Imagination Turbo Edition
July 3, 2012 Comments Off on Imagination Turbo Edition
When you watch your children practicing yoga moves in their kiddie pool, it’s easy to be struck by how differently today’s children entertain themselves than when we were growing up (yoga?). But then there are the things that never change from one generation to the next—like kids’ uncanny ability to lose themselves in imaginary play, especially if there are action figures involved.
That’s why you can’t go wrong by gifting one of Mini Grey’s picture books about a combat-boots-sporting action figure named Traction Man. In the hands and imagination of one little boy, Traction Man embarks on daring missions with the help of his trusty sidekick Scrubbing Brush. The latest installment in this original series, Traction Man and the Beach Odyssey (Ages 4-7), has just been published and is perfect for your summer birthday gifts (although why not bundle it with the original Traction Man for the Best Gift Ever?).
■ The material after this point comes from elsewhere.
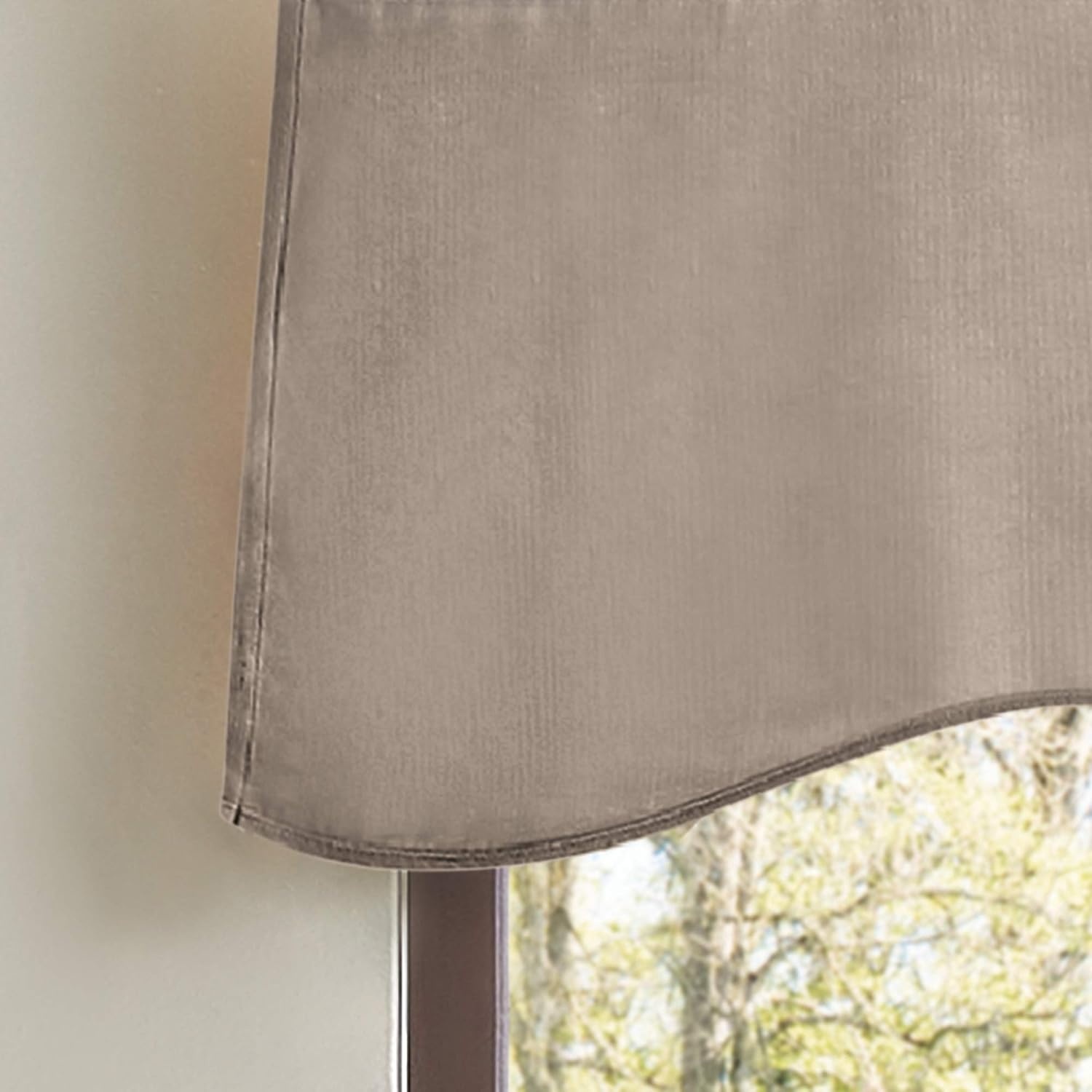 image:imageMartha Stewart Lucca Velvet Lined Scallop Window Curtain 50 W x 18 L Valance PomegranateLinen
I’m continually overcome by the eerie feeling that perhaps Mini Grey sneaked into my son’s head, probably during one of his turbo enactments of a rescue mission involving kitchen tongs and a turkey baster, and then wrote down every single thing he was thinking, in the exact tone of voice that he was thinking it in (that is, heavy in dramatic pauses, superlatives, and Capital Letters). But I suppose it’s more likely that Grey just gets what it’s like to be a kid with an unlimited potential for narrative scenarios.
In his newest adventure, Traction Man (or, as JP calls him, “Action Man,” because “he’s so full of action, Mom!”) is vacationing at the beach for the first time. In addition to defending a quiche from Granny’s new puppy and heroically launching himself into the sea to save Scrubbing Brush, Traction Man meets two fellow dolls called “Beach Time Brendas” (the book’s inside cover is covered in an elaborate newspaper advertisement for Brenda, with her “fluttering eyelashes” and inflatable pink paisley dinghy). These gals at first seem like damsels in distress when their castle collapses (Traction Man springs into action: “There seems to be an earthquake going on…this structure is seriously unstable”); but it’s the Brendas who deftly organize an evacuation under the protection of a flip flop.
Proving that a girl’s action figures can keep up with a boy’s action figures any day, the book closes with the three dolls working together to erect a new and improved castle (clad in Safety Vests and Cave Helmets and working by the light of Scrubbing Brush’s flashlight). It’s refreshing to introduce our own action seekers to a new summer cast of super heroes. You won’t find any of these heroes painted on a water bottle or a beach towel: they reside snugly between the pages, and that’s something worth fighting for.